### Work item:
Leaving out every picture, copy the lines of the material below exactly, from the line containing "Album cover with" through the line containing "A Halloween-themed ceramic".

[Opening Given data section]

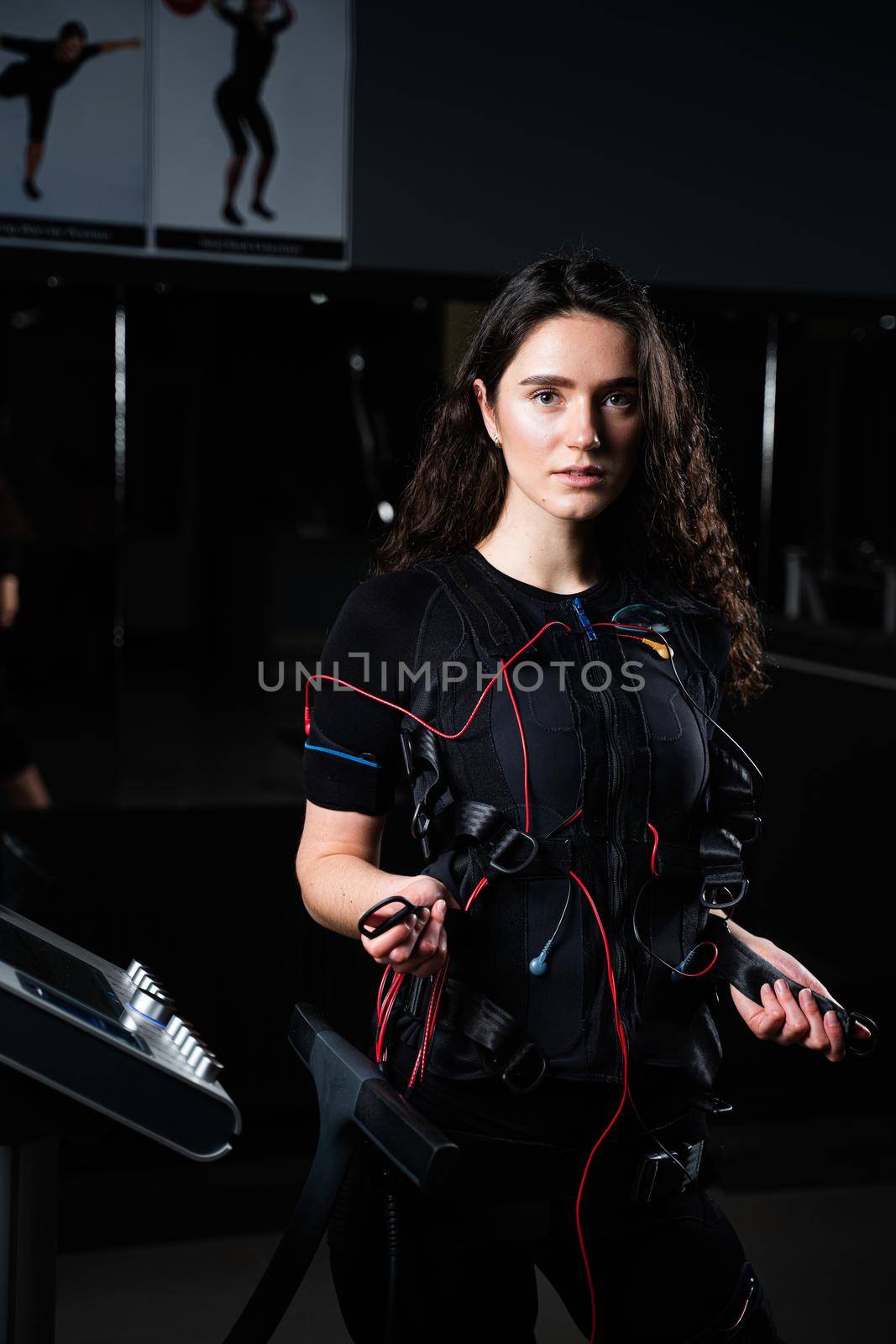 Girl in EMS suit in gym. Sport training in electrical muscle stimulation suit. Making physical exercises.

[Closing Given data section]
[Opening Given data section]

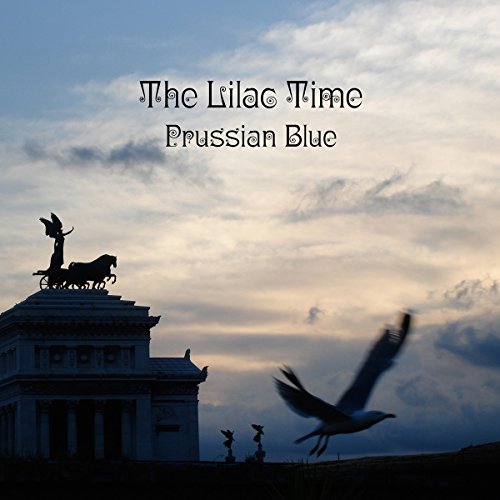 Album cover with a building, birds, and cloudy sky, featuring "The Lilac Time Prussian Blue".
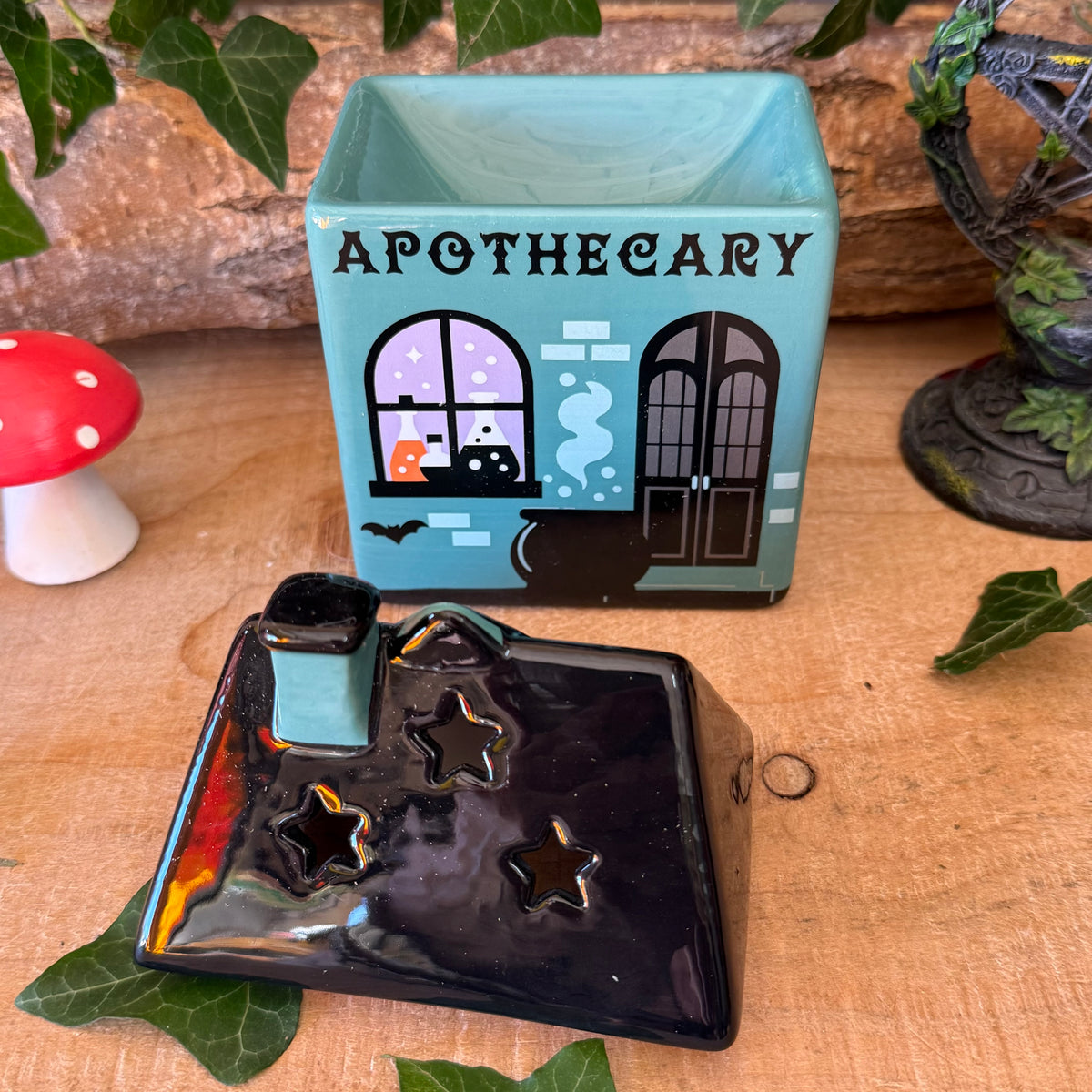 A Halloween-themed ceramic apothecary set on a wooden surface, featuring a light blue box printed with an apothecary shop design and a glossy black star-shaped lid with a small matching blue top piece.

[Closing Given data section]

### Response to the task:
 Album cover with a building, birds, and cloudy sky, featuring "The Lilac Time Prussian Blue".
 A Halloween-themed ceramic apothecary set on a wooden surface, featuring a light blue box printed with an apothecary shop design and a glossy black star-shaped lid with a small matching blue top piece.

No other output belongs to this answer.